- Directed by: Mark Sawers
- Written by: Mark Sawers
- Produced by: Leah Mallen
- Starring: David Lewis Deanna Milligan
- Cinematography: John Houtman
- Edited by: Michelle Floyd
- Music by: Don MacDonald
- Production company: Mark Sawers Productions
- Distributed by: AtomFilms
- Release date: September 13, 1998 (TIFF);
- Running time: 13 minutes
- Country: Canada
- Language: English

= Shoes Off! =

Shoes Off! is a Canadian short comedy film, directed by Mark Sawers and released in 1998. The film stars David Lewis as Stuart, a man who becomes entranced with a woman (Deanna Milligan) he meets in an elevator wearing a sexy pair of boots, but is too shy to talk to her. Some time later, he sees her again getting out of a taxi at a house party and decides to follow her in so he can finally meet her; however, his efforts are complicated by the hosts' "shoes off" policy, both because he has a hole in his sock and because he had paid more attention to the woman's boots than her face and thus struggles to identify who he's looking for.

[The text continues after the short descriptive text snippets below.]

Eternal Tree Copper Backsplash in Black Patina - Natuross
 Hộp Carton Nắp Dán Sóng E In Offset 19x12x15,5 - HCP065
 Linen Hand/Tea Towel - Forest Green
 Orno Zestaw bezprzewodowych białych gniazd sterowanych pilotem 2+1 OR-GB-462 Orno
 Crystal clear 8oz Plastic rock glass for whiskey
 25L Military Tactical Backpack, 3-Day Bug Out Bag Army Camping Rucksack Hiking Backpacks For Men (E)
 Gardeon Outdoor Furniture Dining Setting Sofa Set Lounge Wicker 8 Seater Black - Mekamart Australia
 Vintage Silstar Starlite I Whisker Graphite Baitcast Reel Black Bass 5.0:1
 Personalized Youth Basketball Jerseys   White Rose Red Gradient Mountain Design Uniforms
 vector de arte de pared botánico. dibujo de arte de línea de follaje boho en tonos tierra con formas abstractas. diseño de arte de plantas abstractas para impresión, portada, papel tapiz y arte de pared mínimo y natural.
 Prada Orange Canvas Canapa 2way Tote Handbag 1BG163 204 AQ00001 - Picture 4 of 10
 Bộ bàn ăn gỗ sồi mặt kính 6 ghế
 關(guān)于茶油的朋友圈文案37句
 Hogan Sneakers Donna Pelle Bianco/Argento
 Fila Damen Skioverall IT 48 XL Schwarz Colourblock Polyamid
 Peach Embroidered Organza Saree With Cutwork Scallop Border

The cast also includes Kurt Max Runte and Marcus Hondro as other occupants of the elevator, Richard Side and Jane Sowerby as the couple hosting the party, and Ken Tremblett, Suzin Schiff, Michael Cram, J. Douglas Stuart, Deshka Penoff and Lesley Ewen as other party guests.

The film features an operatic score composed by Don MacDonald, and performed by Colin Balzar and Alison Girvan.

==Distribution==
The film premiered at the 1998 Toronto International Film Festival, and was subsequently screened in the International Critics' Week program at the 1999 Cannes Film Festival.

It received a brief theatrical run as the opening film to some Canadian screenings of the feature film Besieged. It was subsequently broadcast by CBC Television as an episode of Canadian Reflections.

==Awards==
The film was a Genie Award nominee for Best Live Action Short Drama at the 19th Genie Awards in 1999.

At Cannes, the film won the Canal+ Award.